● Required work: Everything from the line containing "Close-up of glowing" down to the last line below should be set down exactly, and only that, without the pictures.

● The records:

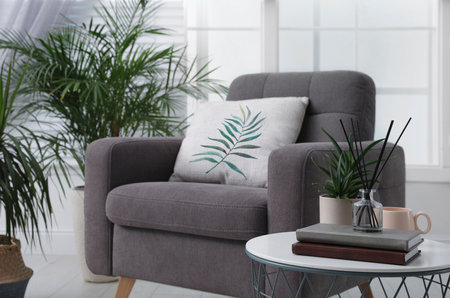 Soft pillow with printed tropical leaf on armchair indoorsの写真素材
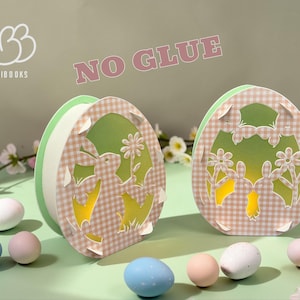 May include: Two Easter egg-shaped paper cutouts with bunny and flower designs, set against a green backdrop. The cutouts have a gingham pattern and are surrounded by pastel-colored eggs and flowers. The text "NO GLUE" is visible.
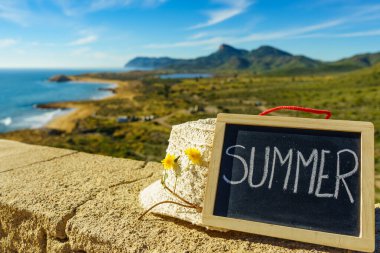 Black board with word summer against spanish sea coast. Landscape of Calblanque Park in Murcia Spain. Travel and holidays. clipart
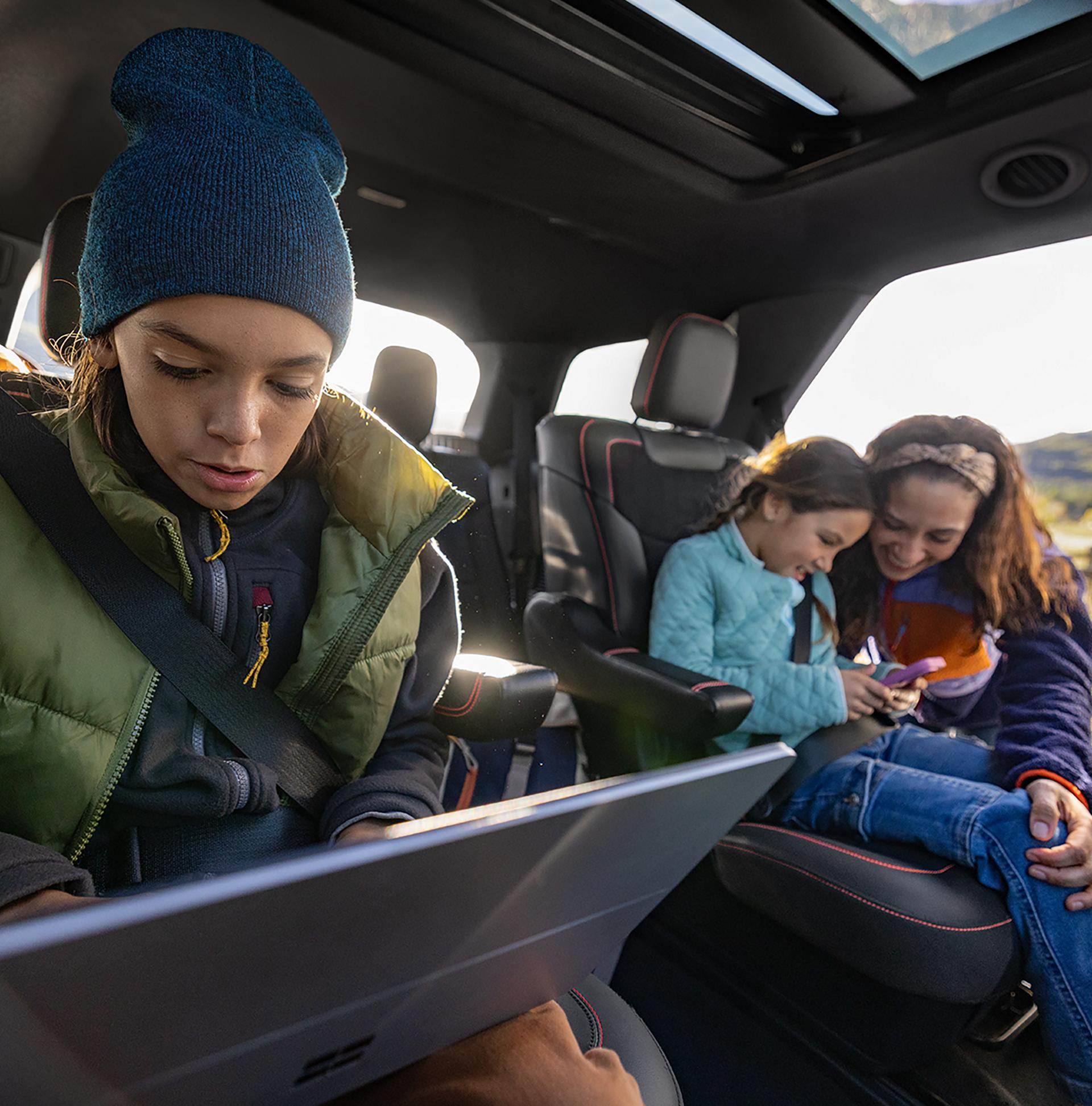 Two children using connected devices in the second-row seats of a 2027 Ford Explorer® SUV
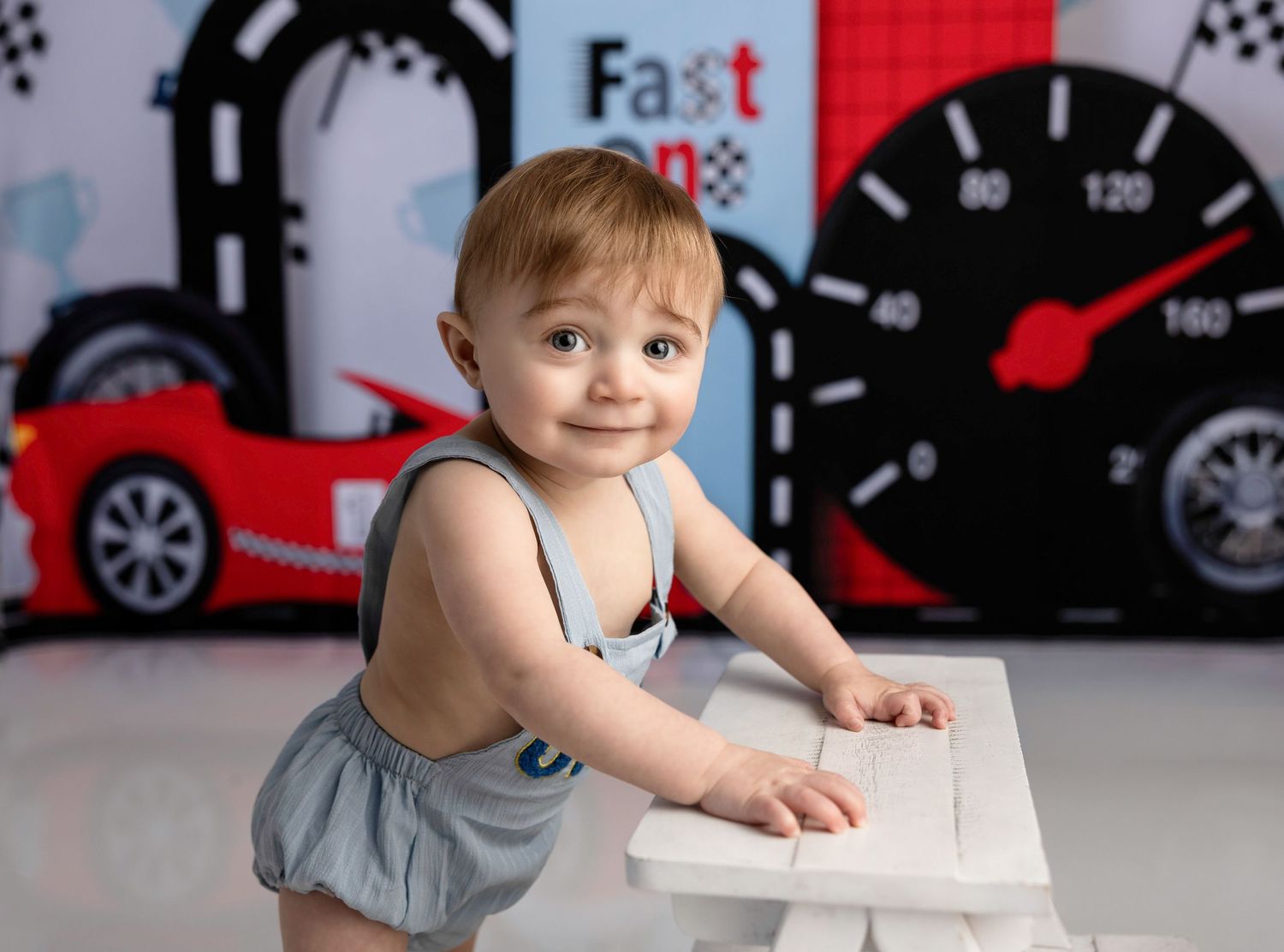 A child in a gray shirt sits at a table with a racing car themed background and wall decor.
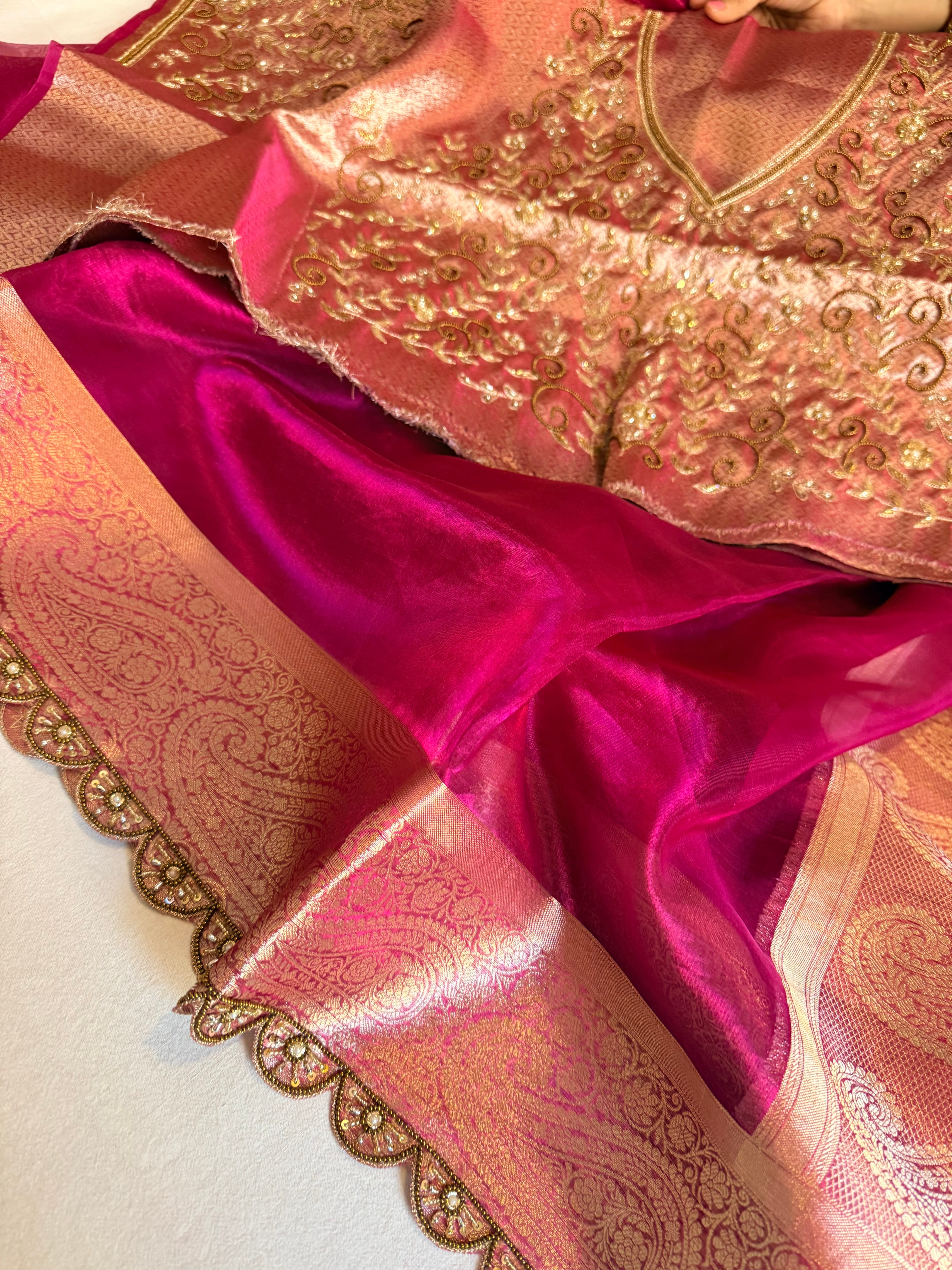 Metallic rani pink husn tissue silk hand embroidered saree with heavy blouss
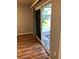 Picture showcasing the sliding doors to screened patio with seating and a view of lawn at 1550 11Th Ne St # A2, Winter Haven, FL 33881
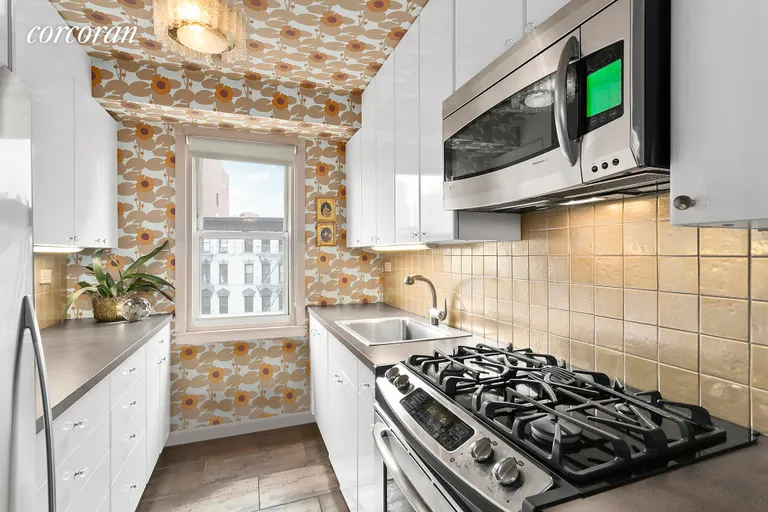 New York City Real Estate | View 2 Charlton Street, 8K | Renovated Windowed Kitchen | View 4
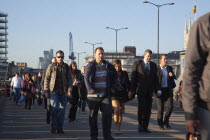 England, London, Early morning commuters crossing London Bridge towards the City Financial district.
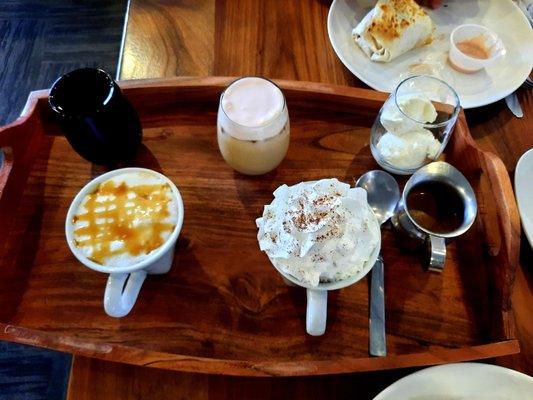 Cold brew, iced coffee with strawberry cold foam, affogatto,  caramel macchiato,  and mocha latte.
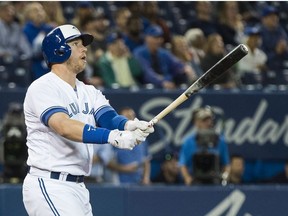 Toronto Blue Jays designated hitter Justin Smoak (14) watches as he hits the game winning walk off home run to defeat the Tampa Bay Rays during ninth inning AL baseball action in Toronto on Thursday, September 20, 2018.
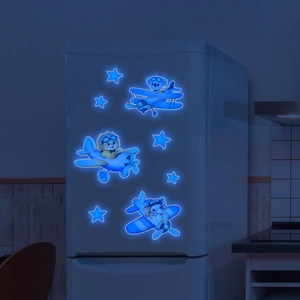 Close-up of glowing blue cartoon animal airplane wall stickers on a fridge in the dark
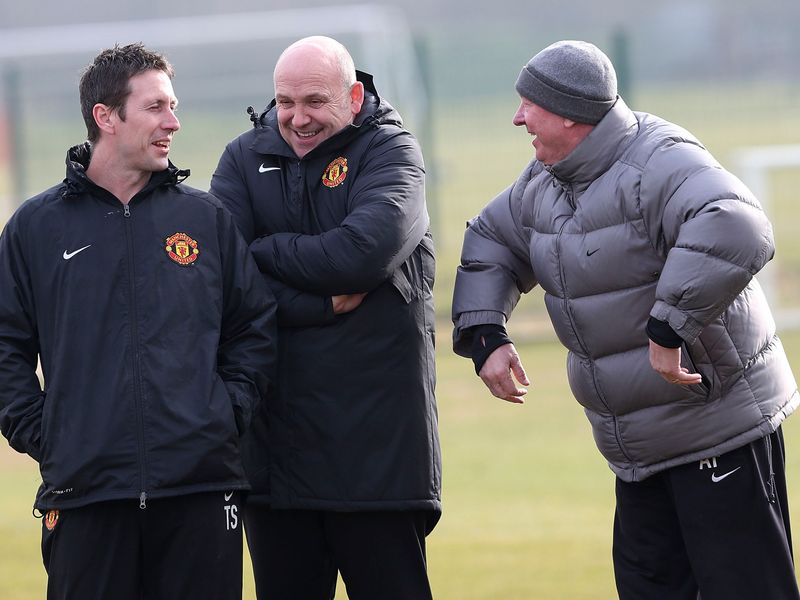 The mood between Tony Strudwick, Mike Phelan and Sir Alex Ferguson seems relaxed..
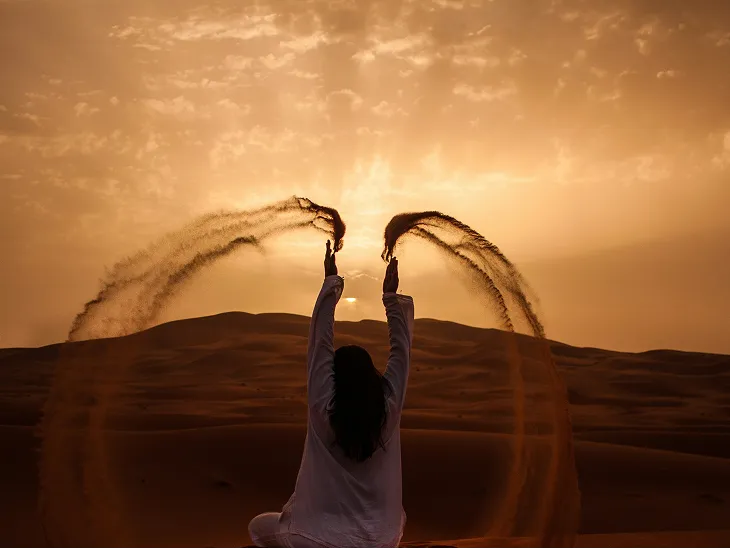 Person in white throws sand into the air at sunset in a desert with sand dunes.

● Task answer:
 Close-up of glowing blue cartoon animal airplane wall stickers on a fridge in the dark
 The mood between Tony Strudwick, Mike Phelan and Sir Alex Ferguson seems relaxed..
 Person in white throws sand into the air at sunset in a desert with sand dunes.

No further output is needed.